Thanks for the heads up. Are there any reference docs available related to this?

Re: Difference in Size Between Events

martin_mueller — Fri, 08 May 2015 16:06:53 GMT

The configuration reference is here: http://docs.splunk.com/Documentation/Splunk/6.2.3/Admin/Propsconf (search for INDEXED_EXTRACTIONS)
There's a bit of human-readable docs here: docs.splunk.com/Documentation/Splunk/6.2.3/Data/Extractfieldsfromfileheadersatindextime

Regular searches should run at similar speeds. What benefits the most is stuff like this:

| tstats avg(cpu) avg(web_request_response_time) where index=index1 by _time span=auto prestats=t | timechart avg(cpu) avg(web_request_response_time)

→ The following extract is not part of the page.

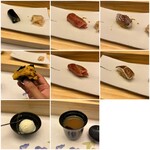 鮨処 凜 - 芽ねぎの巻物、本マグロ中トロ、真鯵、キタムラサキウニ、本マグロ大トロ、のどぐろ、ミルクアイス、シジミの赤だし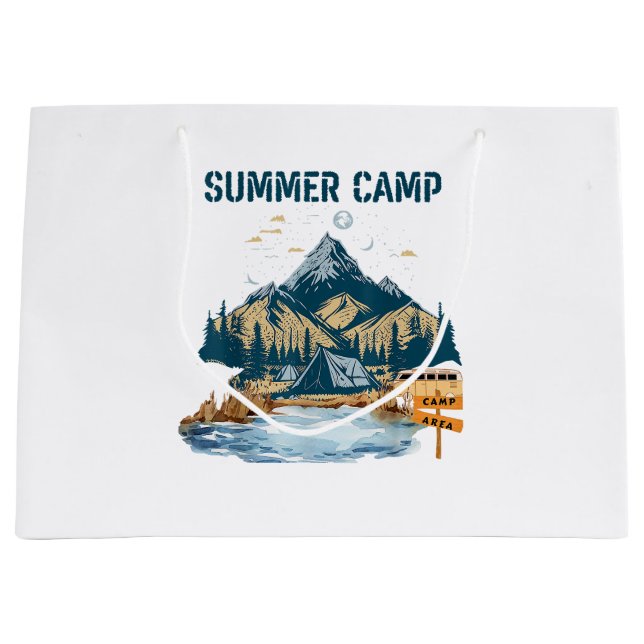 Simple Design Summer Camp Large Gift Bag (Front)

That should be massively faster than trying to pry the cpu and web_request_response_time fields from the JSON at search time.

Re: Difference in Size Between Events

j4adam — Fri, 08 May 2015 16:13:43 GMT

Ah, I didn't know that actually.

Re: Difference in Size Between Events

martin_mueller — Fri, 08 May 2015 16:28:12 GMT

By default, Splunk will force an event break after 10000 characters. You can modify that in props.conf using the TRUNCATE setting. In the same spirit, the default will break after 256 lines in one event, see MAX_EVENTS in props.conf.

These default limits are there to mitigate either wrong configurations or systems throwing unexpected log data.

Re: Difference in Size Between Events

ConnorG — Fri, 08 May 2015 17:13:44 GMT

There's some more info in this post here:

http://answers.splunk.com/answers/4162/size-limit-for-an-event.html

Re: Difference in Size Between Events

j4adam — Fri, 08 May 2015 17:30:36 GMT

Yeah, I immediately looked into that as soon as you mentioned it. That post exactly, actually. Thanks!